Ever driven past an overgrown cemetery in the middle of nowhere and decided to stop and take a look? Serendipity is when you find a grave with a surname you recognise and it turns out to be someone from a long lost branch of the family tree! That’s genealogical serendipity.
Genealogical Serendipity Strikes My Tree
When I moved to Australia with my parents as a child, I thought we were the first of our line to live in the state of Victoria. My mum had lived briefly in Sydney as a young girl before returning to England. However no one had ventured south of the New South Wales border. It turned out however that we were unwittingly tracing the steps of an ancestor.
Mary Scriven was my 4 x great grandmother. She spent most of her later adult life around Walsall in Staffordshire, after living quite a nomadic early married life with her husband William Sartain. However she suddenly turned up in a census under a different surname. I would have had difficulty finding her if she wasn’t living with a daughter. She had remarried and been widowed again in the years since the previous census. However, I could not find evidence of this second marriage.

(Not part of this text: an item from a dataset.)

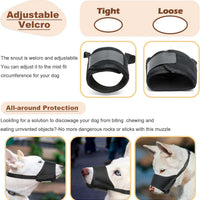 HKM-2088125 Comfortable Mesh Muzzle for Dogs, Adjustable Design for Safe Drinking and Panting, Prevents Biting and Chewing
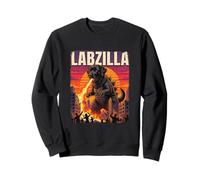 Labzilla Giant Black Labrador Retriever Dog Monster Parody Sweatshirt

I ended up putting this puzzle aside to brew, and instead traced where her various children went, in the time honoured FAN Club way. It turned out two sons had gone to Australia. Not just anywhere in Australia. One, Joseph, went to a tiny place in my state of Victoria that I happened to have visited a lot! Jamieson is literally just a tiny dot on the map, a former gold mining town of about 300 people. The other, Thomas, went to Melbourne (where I currently live), but then moved to Hamilton, a town in Western Victoria where I lived as a child. He is buried there in the cemetery just a few minutes walk from my old home.
Intrigued, I started to investigate further…and discovered their mother, my missing Mary, had spent some time in Australia with her sons. Her second marriage took place in Melbourne. Thanks to the detailed nature of Victorian marriage certificates, this confirmed her mother’s elusive maiden name for me, and allowed me to progress the tree backwards. Genealogical serendipity. Mary’s second husband died soon after they wed and he is one of the first interments in Brighton Cemetery.